Conventionally, a multivariate process chart is determined from many process parameter values and process outputs of multiple processes. For example, a conventional multivariate process chart may be determined from thousands of online and offline process parameter values of at least three batch processes performed in a stirred tank reactor. The multivariate process chart is conventionally calculated from a number of individual process trajectories. The multivariate process chart may include a golden batch trajectory as well as upper and lower limits. According to conventional approaches, a significant number of individual and separate processes may need to be carried out in a macroscale vessel in order to calculate the upper and lower limits around the golden batch trajectory. Further, frequent sampling may need to be conducted and physical samples may need to be analyzed via a scientific instrument (e.g., an analysis device such as a spectrometer). Such frequent sampling may be needed to obtain sufficient process data for determining the multivariate process chart. For example, the frequent sampling may include online process parameter values as well as offline process parameter values and process outputs.

The upper and lower limits of the multivariate process chart are conventionally determined based on the standard deviation of all the processes at each point of process maturity. The points of process maturity may be separated by specified periods of time. Process variations may arise in view of different control parameter values and development directions of each process. The variations may form a basis for the standard deviation or root mean square, which may be used as a basis for determining the upper and lower limits.

According to conventional approaches, the multivariate control chart may be determined from processes carried out in macroscale vessels having a working volume of over 10 L, or even over 1000 L. The costs of running such processes may be expensive, e.g., over € 100 000 or over € 200 000. Further, the processes may run for several days or even multiple weeks, and may require full time monitoring by trained personnel, incurring additional costs for personnel and facilities. A first process control device (e.g., an automated bioreactor system) may be used as a platform to perform early process development on a first-scale (e.g., small or micro-scale, up to 1 L). More particularly, the process control device may be used to develop a biotechnology drug. After carrying out the process on the first-scale it may be desirable to transfer the process to a second (e.g., larger or macro) scale. At both the first-scale and the second-scale, the process should follow a general protocol and keep to a quality target product profile (QTPP).

When using the first process control device, the capability to create a multivariate process chart may be limited by the sampling frequency capability of the process control device. In particular, a robot of the process control device may need a certain amount of time to take individual samples from the first-scale vessels. For example, five minutes may be required for each sample and there may be twenty-four individual first-scale vessels. Accordingly, the maximum sampling frequency of the process control device per vessel is once every two hours. This may be too slow (i.e., there may not be enough samples) to create a multivariate process chart and to control the process effectively.
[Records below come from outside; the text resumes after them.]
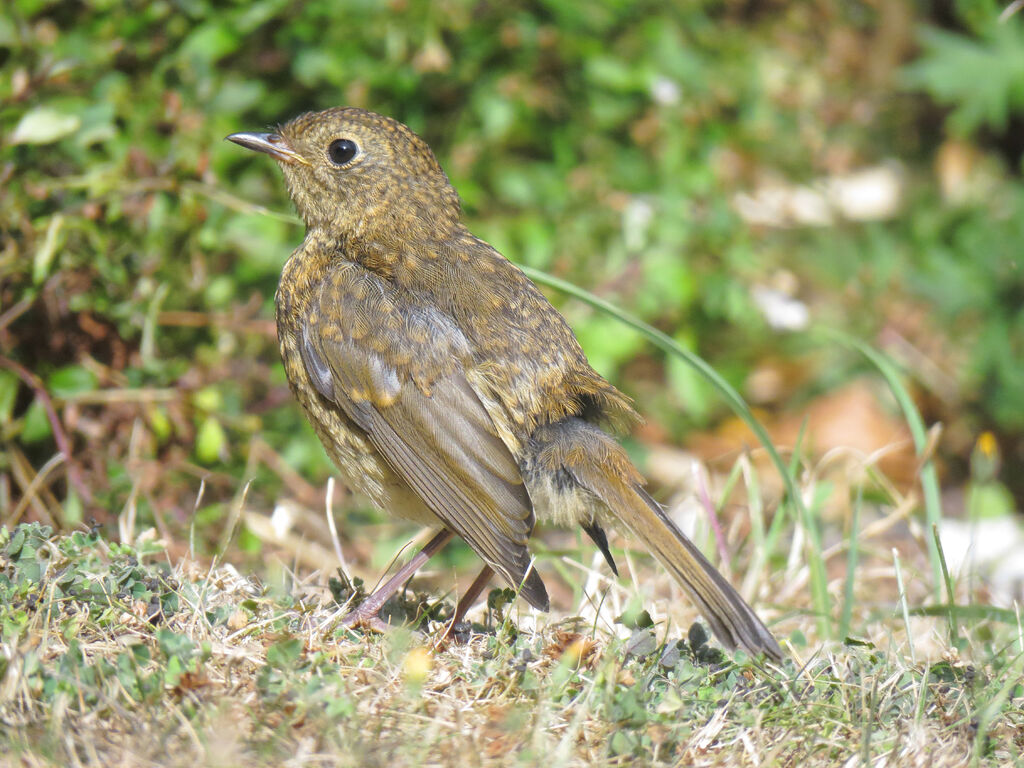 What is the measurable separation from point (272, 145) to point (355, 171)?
285mm

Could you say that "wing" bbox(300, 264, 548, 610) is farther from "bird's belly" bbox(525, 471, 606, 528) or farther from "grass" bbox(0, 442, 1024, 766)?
"grass" bbox(0, 442, 1024, 766)

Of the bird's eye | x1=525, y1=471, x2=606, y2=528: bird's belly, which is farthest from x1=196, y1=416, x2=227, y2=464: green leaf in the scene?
x1=525, y1=471, x2=606, y2=528: bird's belly

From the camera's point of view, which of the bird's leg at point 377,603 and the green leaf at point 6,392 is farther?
the green leaf at point 6,392

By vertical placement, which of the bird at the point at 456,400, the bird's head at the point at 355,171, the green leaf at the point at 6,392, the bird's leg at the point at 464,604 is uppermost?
the bird's head at the point at 355,171

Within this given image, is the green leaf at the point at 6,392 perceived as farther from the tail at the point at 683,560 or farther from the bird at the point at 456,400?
the tail at the point at 683,560

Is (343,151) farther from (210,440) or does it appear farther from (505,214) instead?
(505,214)

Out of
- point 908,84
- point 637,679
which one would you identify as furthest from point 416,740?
point 908,84

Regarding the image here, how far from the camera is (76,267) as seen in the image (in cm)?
425

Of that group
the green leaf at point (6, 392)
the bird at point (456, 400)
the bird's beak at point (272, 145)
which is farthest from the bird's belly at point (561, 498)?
the green leaf at point (6, 392)

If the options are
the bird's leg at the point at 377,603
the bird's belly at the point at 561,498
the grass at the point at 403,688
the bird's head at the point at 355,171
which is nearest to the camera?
the grass at the point at 403,688

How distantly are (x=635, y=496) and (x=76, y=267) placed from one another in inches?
86.7

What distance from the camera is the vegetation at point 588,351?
2695 millimetres

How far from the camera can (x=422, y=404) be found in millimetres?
3406

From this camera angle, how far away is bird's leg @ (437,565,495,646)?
309 cm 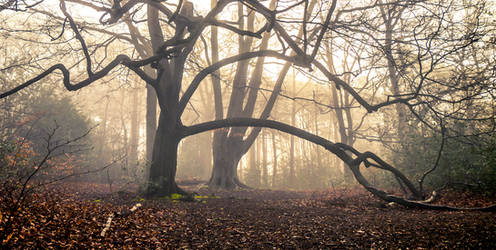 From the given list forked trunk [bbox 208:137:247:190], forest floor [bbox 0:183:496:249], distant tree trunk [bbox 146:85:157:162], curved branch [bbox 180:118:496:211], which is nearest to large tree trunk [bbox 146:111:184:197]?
curved branch [bbox 180:118:496:211]

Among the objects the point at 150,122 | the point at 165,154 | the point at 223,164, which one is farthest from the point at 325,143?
the point at 150,122

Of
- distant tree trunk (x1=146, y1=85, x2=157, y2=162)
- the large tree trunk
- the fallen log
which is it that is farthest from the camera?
distant tree trunk (x1=146, y1=85, x2=157, y2=162)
Accordingly, it is a problem to determine a multivariate process chart for use in controlling a process to produce a chemical, pharmaceutical, biopharmaceutical and/or biological product using a minimum of starting material. In particular, the volume of fluid for use in determining the multivariate process chart should be as small as possible. Further, the multivariate process chart should be determined quickly and with minimal labor cost, i.e., minimal resources should be required to monitor and control processes in order to determine the multivariate process chart.

Moreover, techniques disclosed in the present application may be particularly beneficial when the scientific instrument cannot be integrated into the process control device. More particularly, techniques disclosed in the present application may be particularly beneficial for making determinations with regard to process parameters that cannot be measured directly from the first-scale vessels. Such process parameters may include viable cell density (VCD) and nutrient (or metabolite) concentration. Integration of the scientific instrument into the vessels might not be possible in view of cost or size of the scientific instrument.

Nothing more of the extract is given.